Dès l'ouverture de la 26ème Conférence mondiale sur le climat (COP26), Boris Johnson avait indiqué les quatre priorités de cette édition, devant les dirigeants du monde présents : « charbon, voitures, cash et arbres ». Si l'absence des chefs d'État de plusieurs pays à cet évènement a été remarquée (Chine, Brésil et Russie), les engagements de ceux qui étaient présents ont été nombreux. Mais au-delà des engagements, c'est maintenant la question des actions concrètes à mettre en œuvre pour parvenir aux objectifs fixés qui se pose.

Un accord qui préserve l'objectif d'un réchauffement limité à 1,5 degrés

La COP26, qualifiée en amont de « moment historique », a cristallisé espoirs et critiques des sociétés civiles et acteurs publics partout sur la planète. Plus de 200 manifestations ont été organisées en marge du sommet et dans de nombreux pays pour exiger des dirigeants des mesures concrètes visant à limiter le changement climatique. Un message entendu par les chefs d'Etats et de gouvernements, même si plusieurs points (la sortie des énergies fossiles, l'accompagnement des pays vulnérables face au changement climatique…) sont jugés décevants par la société civile et les ONG, d'autres devant être précisés lors des prochaines COP.

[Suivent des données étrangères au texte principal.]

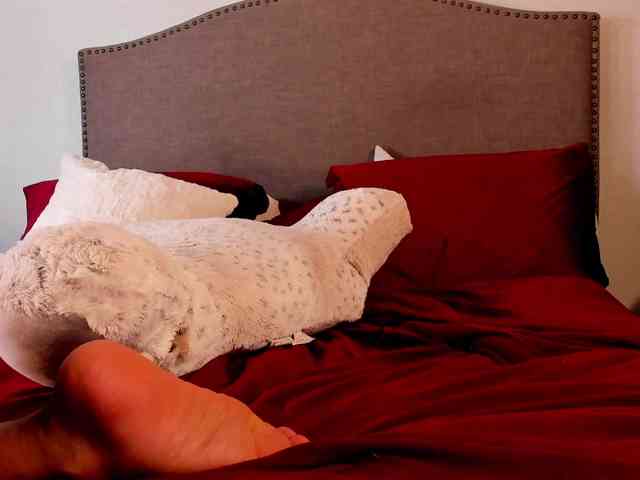 Yiauana webcam
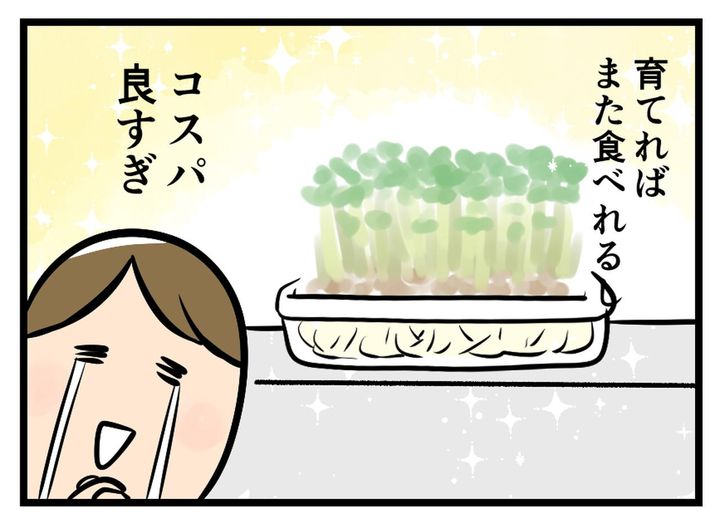 画像4: 変わらず安い！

La COP26 se solde ainsi par un accord signé par 197 pays, le « Pacte de Glasgow pour le climat »[1]. Une nécessité pour maintenir l'objectif de limiter le réchauffement à 1,5 °C par rapport à l'ère préindustrielle, mais qui n'avait rien d'évident. Ce résultat a en effet exigé des prolongations et deux tentatives de consensus avant d'aboutir au compromis du samedi 13 novembre, après deux semaines d'intenses négociations. De fait, si tous les objectifs n'ont pu être tenus, le document final intègre des dispositions engageantes et contraignantes.

Les énergies fossiles dans le collimateur de la COP26

Au titre des avancées de ce sommet 2021, plusieurs décisions méritent d'être citées, notamment celle d'abandonner progressivement l'utilisation du charbon pour limiter ses effets néfastes sur l'environnement. C'est une nouveauté par rapport à l'Accord de Paris de 2015, même si à la mention d'une « sortie » progressive du charbon, d'abord envisagée, a été préférée - à la demande de l'Inde - le terme moins exigeant de « réduction »[2], au grand dam d'Alok Sharma, le président britannique de la COP26 qui a publiquement exprimé sa déception. Plus largement, le texte appelle à la fin des subventions aux énergies fossiles. Une trentaine d'Etats, dont la France[3], ont même annoncé la fin des financements publics dans les projets de combustibles fossiles à l'international dès la fin 2022, afin de réattribuer ces budgets vers les énergies renouvelables.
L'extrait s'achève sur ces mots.